The Concordat should make mention of the difficulties involved with ethical issues of data sharing, including issues around data licensing, and data use by others.

Ethical issues surrounding release and use of research data are briefly mentioned in Principle #5 and Principle #7. We believe the Concordat could benefit from expansion on the ethical issues surrounding release and use of research data, and advice on how these can be addressed in data sharing agreements. This is a large and complex area that would benefit from a national framework of best practice guidelines and methods of monitoring.

Furthermore, the Concordat does not provide any recommendations about research data licensing. This should be discussed together with issues about associated expertise required, costs and time. It is mentioned briefly above in point 4.

The Concordat’s stated expectations regarding the use of non-proprietary formats should be realistic.

Principle #3 states that:

“Open research data should also be prepared in such a manner that it is as widely useable as is reasonably possible, at least for specialists in the same or linked fields, wherever they are in the world. Any requirement to use specialised software or obscure data manipulations should be avoided wherever possible. Data should be stored in non-proprietary formats wherever possible, or the most commonly used proprietary formats if no equivalent non-proprietary format exists.”

The last two sentences of this paragraph could be regarded as unreasonable, depending on the definition of what is ‘possible’. It might theoretically be possible to convert data for storage but not remotely cost-effective. Other formulations (e.g. from EPSRC) talk about the burden of retrieval from stored formats being on the requester not the originator of the data.

We suggest that this section should be rephrased in-line with EPSRC recommendations, for example:

“Wherever possible, researchers are encouraged to store research data in non-proprietary formats. If this is not possible (or not cost-efficient), researchers should indicate what proprietary software is needed to process research data. Those requesting access to data are responsible for re-formatting it to suit their own research needs and for obtaining access to proprietary third party software that may be necessary to process the data.”

The Concordat should encourage proper management of physical samples and non-digital research data.

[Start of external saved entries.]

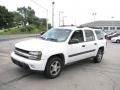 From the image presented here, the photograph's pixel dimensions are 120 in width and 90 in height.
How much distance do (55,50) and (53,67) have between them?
23.2 inches

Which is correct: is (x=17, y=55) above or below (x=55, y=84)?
A: above

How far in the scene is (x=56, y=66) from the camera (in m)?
6.44

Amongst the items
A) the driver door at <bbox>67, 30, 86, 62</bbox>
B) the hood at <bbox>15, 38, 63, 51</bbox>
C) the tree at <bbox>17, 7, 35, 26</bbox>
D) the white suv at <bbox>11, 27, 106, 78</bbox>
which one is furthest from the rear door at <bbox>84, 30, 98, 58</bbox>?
the tree at <bbox>17, 7, 35, 26</bbox>

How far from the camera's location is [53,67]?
6328 mm

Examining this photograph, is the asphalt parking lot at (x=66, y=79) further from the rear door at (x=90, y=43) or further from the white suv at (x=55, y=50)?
the rear door at (x=90, y=43)

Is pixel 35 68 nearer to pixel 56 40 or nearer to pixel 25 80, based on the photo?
pixel 25 80

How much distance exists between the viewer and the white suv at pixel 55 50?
232 inches

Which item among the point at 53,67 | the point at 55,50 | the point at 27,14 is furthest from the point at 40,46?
the point at 27,14

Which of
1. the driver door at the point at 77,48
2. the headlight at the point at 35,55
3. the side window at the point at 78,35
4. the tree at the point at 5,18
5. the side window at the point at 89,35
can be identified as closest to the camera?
the headlight at the point at 35,55

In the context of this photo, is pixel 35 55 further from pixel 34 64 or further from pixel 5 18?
pixel 5 18

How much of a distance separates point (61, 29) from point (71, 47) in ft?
3.71

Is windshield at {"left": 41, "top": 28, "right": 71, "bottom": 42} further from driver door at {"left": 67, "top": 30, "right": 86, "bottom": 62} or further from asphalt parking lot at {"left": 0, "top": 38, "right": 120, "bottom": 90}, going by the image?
asphalt parking lot at {"left": 0, "top": 38, "right": 120, "bottom": 90}

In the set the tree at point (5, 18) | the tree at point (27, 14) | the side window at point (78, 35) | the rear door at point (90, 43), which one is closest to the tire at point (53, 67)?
the side window at point (78, 35)

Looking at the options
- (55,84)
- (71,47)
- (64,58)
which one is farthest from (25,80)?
(71,47)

The Concordat should also encourage proper management of physical samples, and other forms of non-digital research data. Physical samples such as fossils, core samples, zoological and botanical samples, and non-digital research data such as recordings, papers notes, etc. should be also properly managed. In some areas the management and sharing of these items is well constructed and understood – for example, palaeontology journals will not allow people to publish without the specimen numbers from a museum – but it is less rigid in other areas of research. It would be desirable if the Concordat would encourage development of discipline-specific guidelines for management of physical samples and other non-digital research data.

Principle #5 must recognise the culture change required to remove the decision to share data from an individual researcher.

Principle #5 states that:

“‘Decisions on withholding data should not generally be made by individual researchers but rather through a verifiable and transparent process at an appropriate institutional level.”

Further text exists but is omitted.